Very glad that my reply is helpful, I already opened a JIRA to add logs for
"*GTStreamAggregateScanner*" and next time it would be much easier to
navigate this :).
cheney <53...@qq.com> 于2018年11月6日周二 下午11:57写道:
> Hi, JiaTao, thank you very much! The statis is right when I config "kylin.query.stream-aggregate-enabled=false".
> You are right. Records are pre-aggregated by GTStreamAggregateScanner.
>
>
> ------------------ 原始邮件 ------------------
> *发件人:* "JiaTao Tao"<ta...@gmail.com>;
> *发送时间:* 2018年11月6日(星期二) 晚上10:50
> *收件人:* "user"<us...@kylin.apache.org>;
> *主题:* Re: doubt about measure of processedRowCount
>
> One possible place I can find in the code is using
> *GTStreamAggregateScanne*r (in "*SegmentCubeTupleIterator.java#111"*).

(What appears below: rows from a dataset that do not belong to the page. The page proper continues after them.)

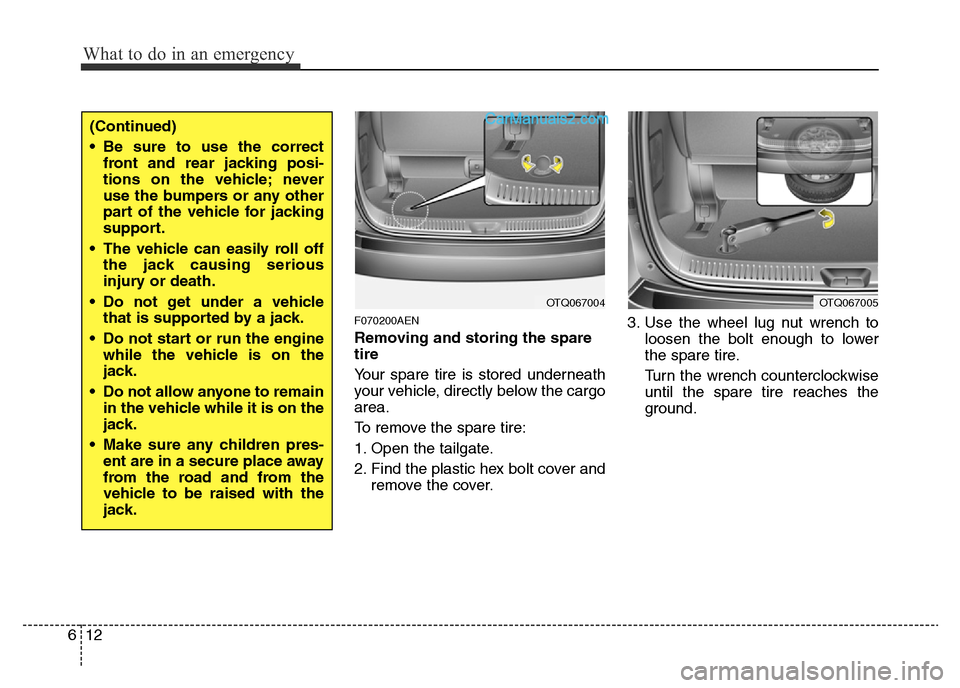 Hyundai H-1 (Grand Starex) 2013 Owners Manual What to do in an emergency
12 6
F070200AEN
Removing and storing the spare
tire
Your spare tire is stored underneath
your vehicle, directly below the cargo
area.
To remove the spare tire:
1. Open the Hyundai H-1 (Grand Starex) 2013 Owners Manual What to do in an emergency
12 6
F070200AEN
Removing and storing the spare
tire
Your spare tire is stored underneath
your vehicle, directly below the cargo
area.
To remove the spare tire:
1. Open the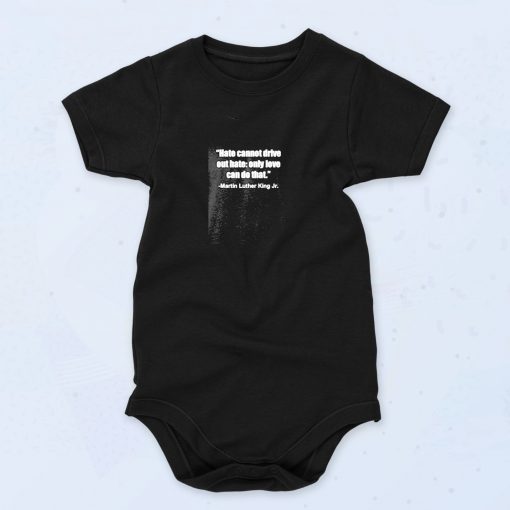 Hate Cannot Famous Civil Rights Mlk Funny Baby Onesie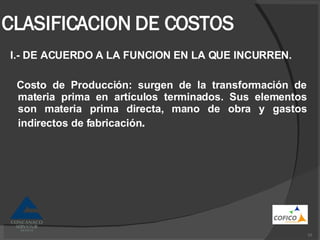 CLASIFICACION DE COSTOS I.- DE ACUERDO A LA FUNCION EN LA QUE INCURREN. Costo de Producción: surgen de la transformación de materia prima en artículos terminados. Sus elementos son materia prima directa, mano de obra y gastos indirectos de fabricación . 
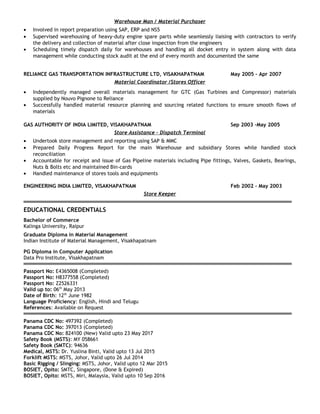 Warehouse Man / Material Purchaser
• Involved in report preparation using SAP, ERP and NS5
• Supervised warehousing of heavy-duty engine spare parts while seamlessly liaising with contractors to verify
the delivery and collection of material after close inspection from the engineers
• Scheduling timely dispatch daily for warehouses and handling all docket entry in system along with data
management while conducting stock audit at the end of every month and documented the same
RELIANCE GAS TRANSPORTATION INFRASTRUCTURE LTD, VISAKHAPATNAM May 2005 – Apr 2007
Material Coordinator /Stores Officer
• Independently managed overall materials management for GTC (Gas Turbines and Compressor) materials
supplied by Nouvo Pignone to Reliance
• Successfully handled material resource planning and sourcing related functions to ensure smooth flows of
materials
GAS AUTHORITY OF INDIA LIMITED, VISAKHAPATNAM Sep 2003 –May 2005
Store Assistance – Dispatch Terminal
• Undertook store management and reporting using SAP & MMC
• Prepared Daily Progress Report for the main Warehouse and subsidiary Stores while handled stock
reconciliation
• Accountable for receipt and issue of Gas Pipeline materials including Pipe fittings, Valves, Gaskets, Bearings,
Nuts & Bolts etc and maintained Bin-cards
• Handled maintenance of stores tools and equipments
ENGINEERING INDIA LIMITED, VISAKHAPATNAM Feb 2002 – May 2003
Store Keeper
EDUCATIONAL CREDENTIALS
Bachelor of Commerce
Kalinga University, Raipur
Graduate Diploma in Material Management
Indian Institute of Material Management, Visakhapatnam
PG Diploma in Computer Application
Data Pro Institute, Visakhapatnam
Passport No: E4365008 (Completed)
Passport No: H8377558 (Completed)
Passport No: Z2526331
Valid up to: 06th
May 2013
Date of Birth: 12th
June 1982
Language Proficiency: English, Hindi and Telugu
References: Available on Request
Panama CDC No: 497392 (Completed)
Panama CDC No: 397013 (Completed)
Panama CDC No: 824100 (New) Valid upto 23 May 2017
Safety Book (MSTS): MY 058661
Safety Book (SMTC): 94636
Medical, MSTS: Dr. Yuslina Binti, Valid upto 13 Jul 2015
Forklift MSTS: MSTS, Johor, Valid upto 26 Jul 2014
Basic Rigging / Slinging: MSTS, Johor, Valid upto 12 Mar 2015
BOSIET, Opito: SMTC, Singapore, (Done & Expired)
BOSIET, Opito: MSTS, Miri, Malaysia, Valid upto 10 Sep 2016
 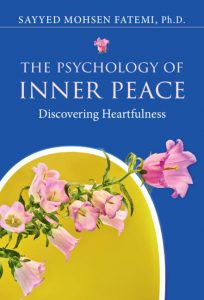 The Psychology of Inner Peace by Sayyed Mohsen Fatemi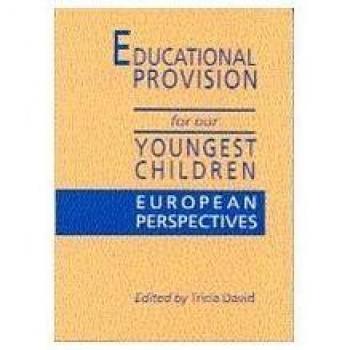 Educational Provision for Our Youngest Children: European Perspectives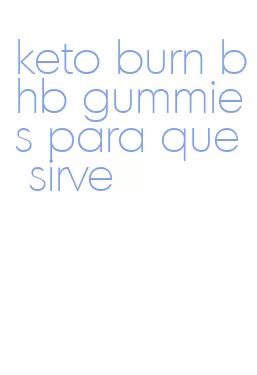 keto burn bhb gummies para que sirve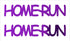 Custom-Buzz Word - HOME RUN Purple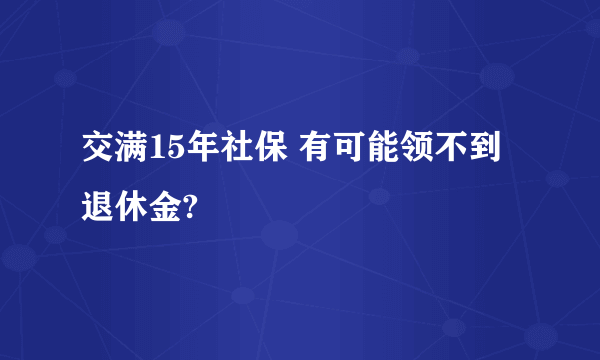 交满15年社保 有可能领不到退休金?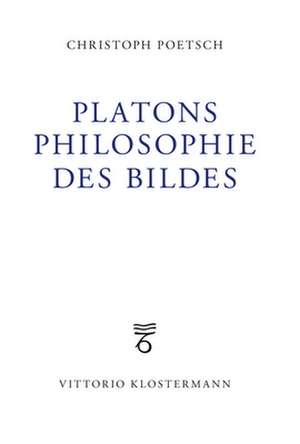 Platons Philosophie des Bildes de Christoph Poetsch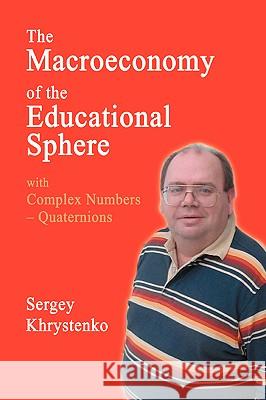 The Macroeconomy of the Educational Sphere with Complex Numbers: Quaternions Khrystenko, Sergey 9780595417766 iUniverse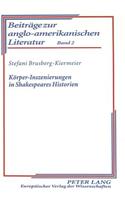 Koerper-Inszenierungen in Shakespeares Historien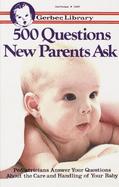 500 Questions New Parents Ask: Pediatricians Answer Your Questions about the Care and Handling of Your Baby cover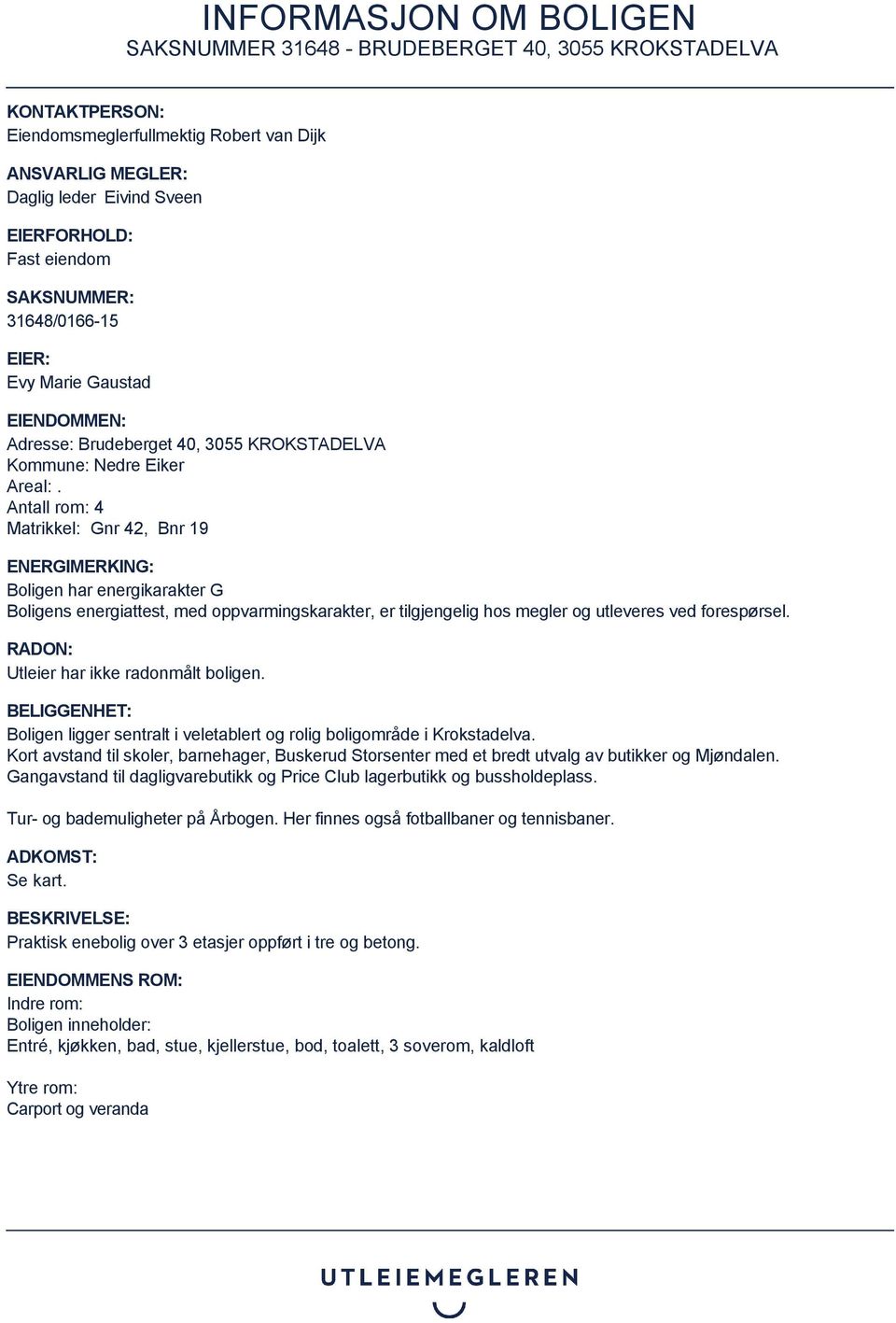 Antall rom: 4 Matrikkel: Gnr 42, Bnr 19 ENERGIMERKING: Boligen har energikarakter G Boligens energiattest, med oppvarmingskarakter, er tilgjengelig hos megler og utleveres ved forespørsel.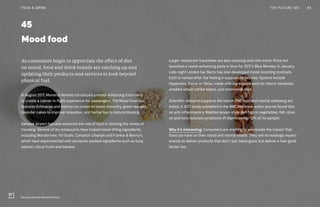 45
Mood food
Larger restaurant franchises are also catching onto this trend. Pizza Hut
launched a mood-enhancing pizza in time for 2017’s Blue Monday in January.
Late-night London bar Barts has also developed mood-boosting cocktails.
Each is named after the feeling it supposedly induces. Options include
Happiness, Focus or Relax, made with ingredients such as cherry tomatoes,
smoked wheat coffee beans, and chamomile elixir.
Scientific research supports the notion that food and mental wellbeing are
linked. A 2017 study published in the BMC Medicine online journal found that
an anti-inflammatory, Mediterranean-style diet high in vegetables, fish, olive
oil and nuts reduced symptoms of depression in 32% of its sample.
Why it’s interesting: Consumers are starting to appreciate the impact that
food can have on their mood and mental health. They will increasingly expect
brands to deliver products that don’t just taste good, but deliver a feel-good
factor too.
As consumers begin to appreciate the effect of diet
on mood, food and drink brands are catching up and
updating their products and services to look beyond
physical fuel.
In August 2017, Monarch Airlines introduced a mood-enhancing food menu
to create a calmer in-flight experience for passengers. The Mood Food box
features Echinacea and licorice ice cream to boost immunity, green tea and
lavender cakes to improve relaxation, and herbal tea to reduce bloating.
Gatwick Airport has also explored the role of food in tackling the stress of
traveling. Several of its restaurants have trialed mood-lifting ingredients,
including Wondertree, Yo! Sushi, Comptoir Libanais and Frankie & Benny’s,
which have experimented with serotonin-packed ingredients such as tuna,
salmon, citrus fruits and banana.
Monarch Airlines' Mood Food box
94THE FUTURE 100FOOD & DRINK
 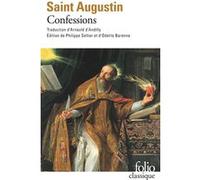 Confessions Saint Augustin (Auteur), Robert Arnauld d'Andilly (Traduction), Philippe Sellier (Edité par)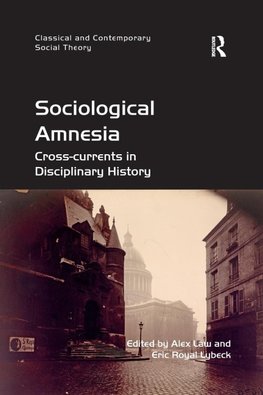Sociological Amnesia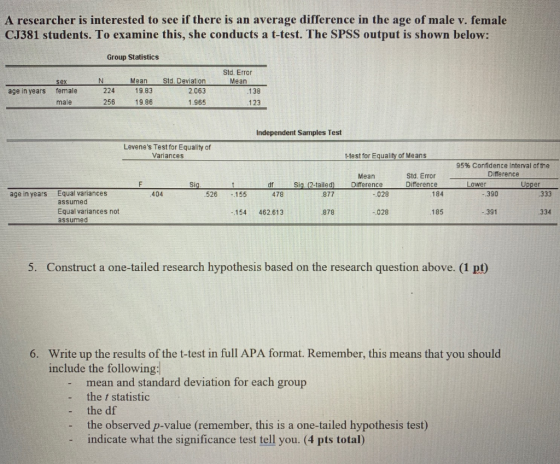 A researcher is interested to see if there is an average difference in the age of male v. female CJ381 students. To examine t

> You can find it does do aggregate in
> *"GTStreamAggregateScanner.AbstractStreamMergeIterator#next*" so it'll
> reduce the inputs. But there's no log printing in this class as you can
> see, so it's pretty hard to confirm. Try
> "kylin.query.stream-aggregate-enabled=false" and run the scenario again to
> see any differences.
>
> cheney <53...@qq.com> 于2018年11月5日周一 下午6:55写道:
>
>> Yes. the log is as following.
>>
>> 2018-11-02 22:25:34,980 DEBUG [Query
>> 03ea4f21-29ed-4b74-8faa-c57ecd44f412-198914]
>> gtrecord.StorageResponseGTScatter:88 : Using
>> SortMergedPartitionResultIterator to merge 103 partition results
>> 2018-11-02 22:25:34,982 INFO [Query
>> 03ea4f21-29ed-4b74-8faa-c57ecd44f412-198914]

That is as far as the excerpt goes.